Sift through the material below and return the lines with "Night".

## [Excerpted records]
BEGIN
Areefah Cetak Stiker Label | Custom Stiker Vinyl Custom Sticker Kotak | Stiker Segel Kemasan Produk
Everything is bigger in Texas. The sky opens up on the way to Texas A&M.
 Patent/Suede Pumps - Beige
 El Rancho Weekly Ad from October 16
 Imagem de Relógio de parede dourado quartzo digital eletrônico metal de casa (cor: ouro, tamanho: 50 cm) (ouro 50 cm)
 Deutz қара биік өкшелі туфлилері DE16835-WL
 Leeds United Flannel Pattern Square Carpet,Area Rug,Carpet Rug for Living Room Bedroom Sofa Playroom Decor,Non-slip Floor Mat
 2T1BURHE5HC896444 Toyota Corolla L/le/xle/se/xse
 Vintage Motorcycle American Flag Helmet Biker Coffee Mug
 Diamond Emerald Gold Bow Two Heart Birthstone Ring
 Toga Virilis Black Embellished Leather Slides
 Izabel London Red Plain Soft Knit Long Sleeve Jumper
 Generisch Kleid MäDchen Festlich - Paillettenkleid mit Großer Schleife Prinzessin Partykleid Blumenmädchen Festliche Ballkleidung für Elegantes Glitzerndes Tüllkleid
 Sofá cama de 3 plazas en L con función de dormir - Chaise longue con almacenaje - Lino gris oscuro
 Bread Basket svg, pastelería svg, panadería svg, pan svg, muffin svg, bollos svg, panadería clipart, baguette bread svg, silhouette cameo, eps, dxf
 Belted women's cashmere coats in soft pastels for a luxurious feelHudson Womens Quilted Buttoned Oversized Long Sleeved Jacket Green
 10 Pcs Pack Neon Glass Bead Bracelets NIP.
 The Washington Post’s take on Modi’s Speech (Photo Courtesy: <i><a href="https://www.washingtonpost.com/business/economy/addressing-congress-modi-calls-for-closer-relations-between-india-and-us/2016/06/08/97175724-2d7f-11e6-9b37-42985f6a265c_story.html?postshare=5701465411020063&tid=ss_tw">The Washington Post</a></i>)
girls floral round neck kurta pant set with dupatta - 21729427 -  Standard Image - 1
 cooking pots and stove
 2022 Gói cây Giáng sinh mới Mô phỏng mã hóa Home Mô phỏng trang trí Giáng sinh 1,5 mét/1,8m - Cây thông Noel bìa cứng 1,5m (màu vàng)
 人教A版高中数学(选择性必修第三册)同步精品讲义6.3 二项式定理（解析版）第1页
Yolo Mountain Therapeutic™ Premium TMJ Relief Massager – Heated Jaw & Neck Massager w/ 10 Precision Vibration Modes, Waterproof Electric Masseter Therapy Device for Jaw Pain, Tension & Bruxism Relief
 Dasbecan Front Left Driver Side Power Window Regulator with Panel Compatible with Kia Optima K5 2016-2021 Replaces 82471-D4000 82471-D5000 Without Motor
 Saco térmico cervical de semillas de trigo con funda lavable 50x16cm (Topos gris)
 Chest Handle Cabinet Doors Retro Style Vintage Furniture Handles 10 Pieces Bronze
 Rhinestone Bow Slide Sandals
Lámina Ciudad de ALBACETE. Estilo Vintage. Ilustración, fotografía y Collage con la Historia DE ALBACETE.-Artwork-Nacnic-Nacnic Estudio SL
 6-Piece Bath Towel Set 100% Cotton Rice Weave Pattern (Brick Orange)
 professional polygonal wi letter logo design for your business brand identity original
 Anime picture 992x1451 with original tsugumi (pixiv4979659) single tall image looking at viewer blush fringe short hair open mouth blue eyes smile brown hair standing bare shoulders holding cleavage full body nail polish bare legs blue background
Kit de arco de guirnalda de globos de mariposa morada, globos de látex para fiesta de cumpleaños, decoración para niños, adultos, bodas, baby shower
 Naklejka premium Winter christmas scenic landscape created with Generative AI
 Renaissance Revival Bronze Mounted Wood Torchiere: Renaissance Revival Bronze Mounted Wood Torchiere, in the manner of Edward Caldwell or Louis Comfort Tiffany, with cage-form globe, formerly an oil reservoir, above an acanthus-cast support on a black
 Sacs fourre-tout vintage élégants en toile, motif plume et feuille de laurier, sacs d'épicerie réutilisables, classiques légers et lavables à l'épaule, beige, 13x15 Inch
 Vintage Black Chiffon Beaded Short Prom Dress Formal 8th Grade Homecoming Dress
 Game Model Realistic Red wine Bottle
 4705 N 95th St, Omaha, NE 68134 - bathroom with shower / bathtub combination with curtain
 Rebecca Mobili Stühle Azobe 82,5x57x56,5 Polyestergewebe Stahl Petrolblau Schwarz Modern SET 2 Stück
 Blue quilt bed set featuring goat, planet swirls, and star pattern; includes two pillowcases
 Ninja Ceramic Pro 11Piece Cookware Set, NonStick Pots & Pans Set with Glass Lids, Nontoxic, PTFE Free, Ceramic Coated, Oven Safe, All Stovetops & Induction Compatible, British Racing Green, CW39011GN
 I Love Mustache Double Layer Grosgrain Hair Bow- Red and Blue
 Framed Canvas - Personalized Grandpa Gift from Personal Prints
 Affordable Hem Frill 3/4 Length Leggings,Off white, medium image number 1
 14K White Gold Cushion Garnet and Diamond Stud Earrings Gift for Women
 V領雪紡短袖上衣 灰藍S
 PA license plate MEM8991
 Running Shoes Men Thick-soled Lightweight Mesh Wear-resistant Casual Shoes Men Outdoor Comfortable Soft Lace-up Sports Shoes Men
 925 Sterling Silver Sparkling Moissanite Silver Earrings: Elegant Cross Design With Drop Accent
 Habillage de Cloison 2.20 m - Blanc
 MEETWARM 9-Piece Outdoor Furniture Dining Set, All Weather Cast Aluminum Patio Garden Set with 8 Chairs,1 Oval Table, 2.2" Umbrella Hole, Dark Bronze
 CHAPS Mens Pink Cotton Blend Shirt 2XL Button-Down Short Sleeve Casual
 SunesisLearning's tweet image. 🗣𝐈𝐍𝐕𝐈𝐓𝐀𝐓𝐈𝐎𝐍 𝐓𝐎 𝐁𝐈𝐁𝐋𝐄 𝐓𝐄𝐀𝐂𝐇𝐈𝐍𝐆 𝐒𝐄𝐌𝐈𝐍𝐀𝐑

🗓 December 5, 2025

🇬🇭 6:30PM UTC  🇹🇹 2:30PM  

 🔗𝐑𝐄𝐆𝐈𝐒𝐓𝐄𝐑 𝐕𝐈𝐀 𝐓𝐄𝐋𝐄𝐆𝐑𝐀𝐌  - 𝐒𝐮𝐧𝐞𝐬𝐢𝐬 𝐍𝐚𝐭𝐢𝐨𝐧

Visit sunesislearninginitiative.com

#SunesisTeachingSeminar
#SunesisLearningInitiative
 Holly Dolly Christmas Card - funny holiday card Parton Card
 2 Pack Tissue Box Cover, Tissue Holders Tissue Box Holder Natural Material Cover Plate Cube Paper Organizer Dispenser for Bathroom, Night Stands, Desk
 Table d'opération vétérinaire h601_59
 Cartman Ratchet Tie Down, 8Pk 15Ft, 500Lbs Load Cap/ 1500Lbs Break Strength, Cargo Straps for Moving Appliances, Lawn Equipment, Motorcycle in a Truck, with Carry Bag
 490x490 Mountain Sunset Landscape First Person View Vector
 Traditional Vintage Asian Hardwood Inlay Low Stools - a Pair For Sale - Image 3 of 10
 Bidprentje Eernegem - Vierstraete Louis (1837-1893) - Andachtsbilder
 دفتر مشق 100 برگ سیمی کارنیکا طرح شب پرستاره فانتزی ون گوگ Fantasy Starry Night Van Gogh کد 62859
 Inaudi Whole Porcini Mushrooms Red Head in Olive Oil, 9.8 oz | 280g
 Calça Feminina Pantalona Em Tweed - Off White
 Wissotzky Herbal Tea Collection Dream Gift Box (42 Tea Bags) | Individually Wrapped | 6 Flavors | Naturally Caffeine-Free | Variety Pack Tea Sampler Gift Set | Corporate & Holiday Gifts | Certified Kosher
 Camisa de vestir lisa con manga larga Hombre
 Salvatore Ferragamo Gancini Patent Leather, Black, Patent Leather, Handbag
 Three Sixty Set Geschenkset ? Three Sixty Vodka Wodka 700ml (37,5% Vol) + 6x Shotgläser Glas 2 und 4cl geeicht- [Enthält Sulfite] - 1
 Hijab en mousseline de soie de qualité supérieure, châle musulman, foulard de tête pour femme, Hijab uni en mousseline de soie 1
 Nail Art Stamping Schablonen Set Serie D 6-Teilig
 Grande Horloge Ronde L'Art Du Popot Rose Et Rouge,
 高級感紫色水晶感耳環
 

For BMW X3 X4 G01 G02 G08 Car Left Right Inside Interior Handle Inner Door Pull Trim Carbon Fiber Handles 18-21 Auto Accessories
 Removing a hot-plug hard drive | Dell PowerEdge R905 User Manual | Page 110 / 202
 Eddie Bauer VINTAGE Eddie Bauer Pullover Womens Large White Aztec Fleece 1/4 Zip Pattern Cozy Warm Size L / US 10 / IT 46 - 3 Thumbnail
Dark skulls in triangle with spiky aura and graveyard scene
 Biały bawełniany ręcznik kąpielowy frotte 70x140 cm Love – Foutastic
END
## [Output]
 2 Pack Tissue Box Cover, Tissue Holders Tissue Box Holder Natural Material Cover Plate Cube Paper Organizer Dispenser for Bathroom, Night Stands, Desk
 دفتر مشق 100 برگ سیمی کارنیکا طرح شب پرستاره فانتزی ون گوگ Fantasy Starry Night Van Gogh کد 62859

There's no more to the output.